Many chemicals are put in our food without us really knowing it. Sure we may read the ingredient labels, but when we see names like DHMO, do you really know what you’re eating? As I was researching this topic, I found out that most chemicals in our food are sometimes considered a little bit natural even though scientists classify them as chemicals. This “sort of natural” way is because originally, this chemical started off as a natural element. However, during the production of the food, as a result of the ingredients reacting to one another, they form a chemical. It’s kind of natural because you’re not adding anything to these ingredients to make a chemical, it’s just their own reaction. But because, you’re forcing them to react, and you could be adding stuff to it, that’s the artificial part of this process. These chemicals can be called food-processing-induced chemicals. (1)
DHMO, as mentioned above, is one of these sort of naturally made chemicals. DHMO is a chemical compound called Dihydrogen monoxide and is a chemical that manipulates water. Since DHMO really starts off as water, it is considered natural enough to not be scientifically classified as all artificial in government documents. Dihydrogen monoxide, commonly referred to as a variation of water, is a deathly chemical used in our daily lives (2). Without us really knowing it, DHMO is an additive slipped into junk food to make it more addictive. In fact, many juice boxes contain DHMO (3).
Not only is the chemical DHMO commonly found in our food, gelatin is also very common. Gelatin is found in many candies such as marshmallows, jell-o, gummy worms and bears, and pretty much every candy that is chewy (unless it says gelatin free) (4). Gelatin is on many food labels and most people think that it’s simply just something that helps the candy ingredients to stick together, but it’s more than that. Gelatin is a colourless, oderless, and pretty much tasteless substance. It is a chemical that is used as a way to get rid of the leftovers of the meat industries. It is made by boiling cartilage, skin (such as pork skin) and bones (such as cattle bones). Most often, Gelatin comes from pigs or cows, but there is no specific rule that says what animal Gelatin has to come from nor the part of the body. So really, by eating Gelatin, you could very well be eating toenails and tongues (5).

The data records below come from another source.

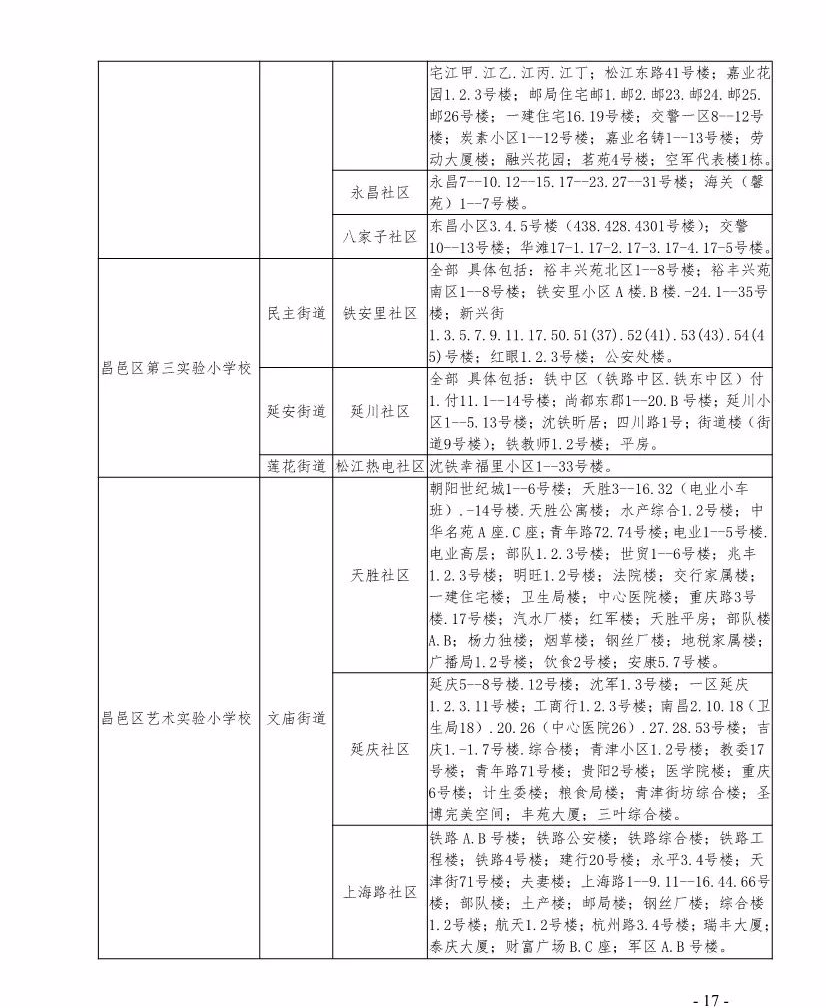 2020年吉林市最新中小学学区划分出炉你家孩子去哪上学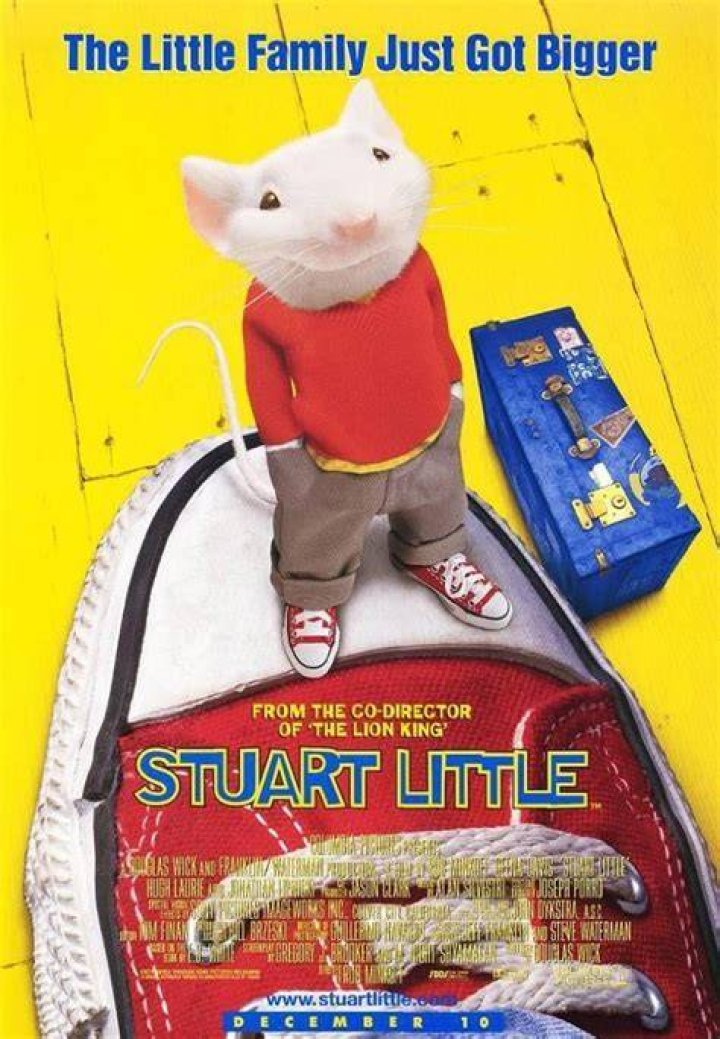 Find an Actor to Play Snowbell in Stuart Little on myCast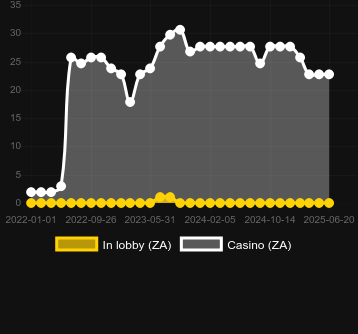 Количество казино, в которых можно найти Bankin Bacon. Рынок: Украина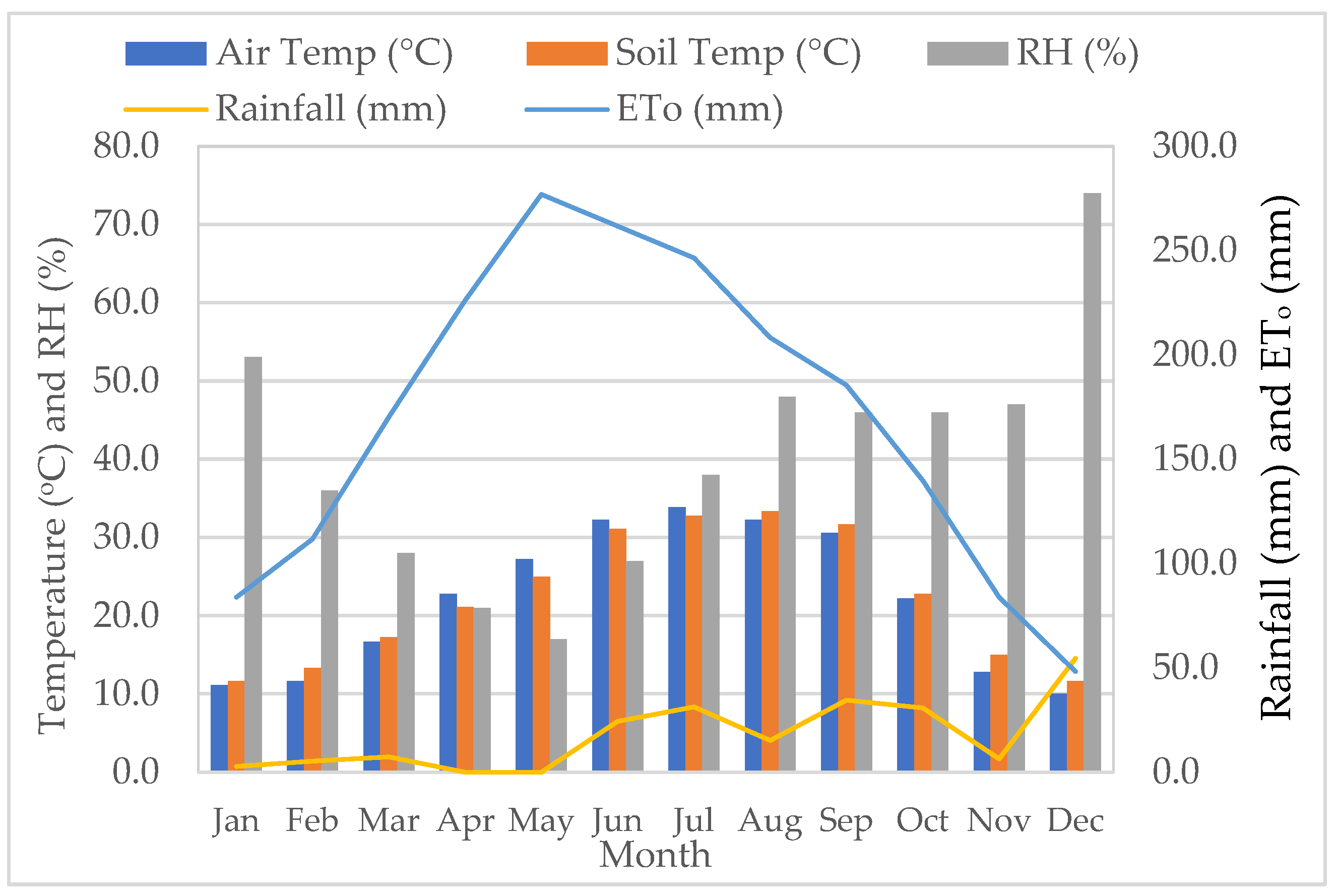 Applsci 15 09151 g001a Applsci 15 09151 g001a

Many candies and treats such as red velvet cupcakes and Maynards’ swedish berries contain red food colouring to make them look nice and appealing. However, even though they may look appealing, once you know what is in the red dye, it’s pretty disgusting. Instead of using fruit for this red dye, manufacturers use bugs. They crush and grind up the bugs and take their pigment to create this bright red colour. One of these bugs is called a Cochineal insect (also known as scale insects). In fact, in 2012, Starbucks used the red pigment of these bugs for their Strawberries and Creme Frappuccinos (6). Red 40 is a more specific name for a red dye. It is a very common type of red dye used in the United States. Even though it is approved by the Food and Drug Administration for many candy, cereals, and other treats, it is a serious chemical to your body. This chemical is an additive also known as FD&C Red No. 40 and Allura Red (7).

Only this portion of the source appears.